BLACK
v.
POOLE et al.
27646.
Supreme Court of Georgia.
Submitted January 8, 1973. Decided February 8, 1973.Albert H. Dallas, for appellant.
Wallace H. Pilcher, for appellees.
JORDAN, Justice.
This is a dispute involving title to land. The single issue before this court is whether a document is a will or a deed. The paper on its face purports to be a warranty deed of gift from Boaz Calvin Dixon to John Hickman Black and Buford Roy Poole. It contains all of the usual clauses pertaining to a warranty deed, and is duly signed, witnessed, and recorded as a warranty deed. In addition, however, it contains the recitation that it "is a deed of gift effective upon the death of Boaz Calvin Dixon to be and belong to the party of the second part in fee simple." Relying on this clause, the appellant urges that the trial judge erred in declaring "that it is a deed effective to convey to the grantees therein the interest in said property owned and enjoyed by the grantor subject to a reservation by the grantor of a life estate in the *130 property conveyed." Held:
1. While not clear from the record, we assume from statements in the briefs and on oral presentation that facts are known disclosing that the paper would not qualify for probate as a will, even though present law requires only two witnesses. See Code § 113-301, as amended; Ga. L. 1964, Ex. Sess., p. 16 et seq.

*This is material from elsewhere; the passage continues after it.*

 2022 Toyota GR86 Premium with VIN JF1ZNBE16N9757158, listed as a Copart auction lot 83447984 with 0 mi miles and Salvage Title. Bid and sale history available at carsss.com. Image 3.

2. The test for the issue here involved, as it appears in our Code, "is the intention of the maker to be gathered from the whole instrument, read in the light of the surrounding circumstances. If such intention is to convey a present estate, though the possession is postponed until after his death, the instrument is a deed; if the intention is to convey an interest accruing and having effect only after his death, it is a will." Code § 113-102.

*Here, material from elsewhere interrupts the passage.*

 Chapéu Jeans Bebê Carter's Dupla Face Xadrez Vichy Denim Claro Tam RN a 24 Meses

In 1900 Justice Cobb, reviewing numerous precedents in this state involving the issue of whether a paper is a will or a deed, recognized that in the earlier cases it had been the tendency of the court to declare papers purporting to be deeds testamentary in character which contained language indicative of a disposition upon death, but that at least since Moye v. Kittrell, 29 Ga. 677, involving a paper executed and recorded as a deed containing the language "said property to go into possession of said heirs at my death" the tendency had been to give the paper the construction which would make it operative as a deed. See Wynn v. Wynn, 112 Ga. 214 (37 S.E. 378). The tendency recognized in Wynn, supra, is exemplified by numerous subsequent cases. See West v. Wright, 115 Ga. 277 (41 S.E. 602), involving a deed of gift of realty, stating, "This deed to take effect at my death"; Kytle v. Kytle, 128 Ga. 387 (57 S.E. 748), a deed of gift stating "together with all the rights and privileges there unto belonging at my death forever in fee simple"; Isler v. Griffin, 134 Ga. 192 (67 S.E. 854), a deed of gift stating "to take effect from and after my *131 death and the death of my father and my mother, and not until then"; and many other similar cases.
We have carefully reviewed the holding in Gardner v. Thames, 223 Ga. 378 (154 SE2d 926), and consider that case distinguishable on its facts, specific emphasis being placed there on the fact that the paper "plainly and repeatedly states that the title shall not vest in the grantee until the grantor's death," thus eliminating any basis for determining the intention of the grantor that title would vest immediately in the grantees, as distinguished from retention of possession until death.
In our opinion the trial judge properly ruled here that the paper is a deed.
Judgment affirmed. All the Justices concur.